Projeto que pune devedor contumaz empaca na Câmara e segue sem relator após dois meses e meio

BRASÍLIA – Aprovado no Senado e enviado à Câmara em 9 de setembro, o projeto de lei que pune empresários considerados devedores contumazes de impostos empacou e segue, até hoje, dois meses e meio depois, sem relator designado pelo presidente, Hugo Motta (Republicanos-PB).

Questionado pela reportagem, Motta afirmou que a demora se deve ao fato de muitos partidos demonstrarem interesse em indicar um relator. Ele não respondeu, porém, quando pretende dar andamento ao projeto.

O projeto puneempresários que têm como modelo de negócios não recolher impostos, abrindo sucessivos CNPJs para escapar do Fisco.
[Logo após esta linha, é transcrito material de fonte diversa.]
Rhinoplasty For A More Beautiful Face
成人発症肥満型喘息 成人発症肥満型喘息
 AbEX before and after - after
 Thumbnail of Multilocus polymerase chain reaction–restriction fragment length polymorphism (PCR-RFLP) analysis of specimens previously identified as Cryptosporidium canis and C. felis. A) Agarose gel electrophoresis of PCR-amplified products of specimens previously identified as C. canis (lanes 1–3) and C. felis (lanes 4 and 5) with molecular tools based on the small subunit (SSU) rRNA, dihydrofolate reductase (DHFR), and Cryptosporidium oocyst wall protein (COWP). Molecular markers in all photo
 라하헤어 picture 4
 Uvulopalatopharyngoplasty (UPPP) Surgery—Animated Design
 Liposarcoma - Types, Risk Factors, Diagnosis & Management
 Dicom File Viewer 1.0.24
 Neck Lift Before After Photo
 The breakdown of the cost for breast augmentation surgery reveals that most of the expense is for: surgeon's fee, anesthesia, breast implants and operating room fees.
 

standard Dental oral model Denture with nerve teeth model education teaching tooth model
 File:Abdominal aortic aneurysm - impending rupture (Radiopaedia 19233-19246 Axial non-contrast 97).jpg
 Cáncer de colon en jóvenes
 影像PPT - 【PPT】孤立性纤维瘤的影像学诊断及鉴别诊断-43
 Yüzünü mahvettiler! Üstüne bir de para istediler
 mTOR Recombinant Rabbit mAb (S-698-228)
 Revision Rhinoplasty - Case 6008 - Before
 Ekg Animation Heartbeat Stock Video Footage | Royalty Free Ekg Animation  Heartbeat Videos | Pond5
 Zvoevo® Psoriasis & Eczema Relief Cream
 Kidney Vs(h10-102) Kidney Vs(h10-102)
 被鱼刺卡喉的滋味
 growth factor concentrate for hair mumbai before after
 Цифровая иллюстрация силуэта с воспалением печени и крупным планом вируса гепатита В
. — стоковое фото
A Receita Federal vem argumentando que a prática está sendo usada pelo crime organizado para lavar dinheiro e ocultar o patrimônio de criminosos, a exemplo do que está sendo investigado na Operação Carbono Oculto, deflagrada no fim de agosto.

O projeto cria um conceito objetivo para o devedor contumaz: uma empresa que tenha acumulado dívida superior a R$ 15 milhões, acima do seu patrimônio, sem nenhuma tentativa de repactuação há mais de quatro meses consecutivos ou após seis meses intercalados. O texto permite que a Receita dê baixa no CNPJ dessas empresas, o que as impediria de funcionar.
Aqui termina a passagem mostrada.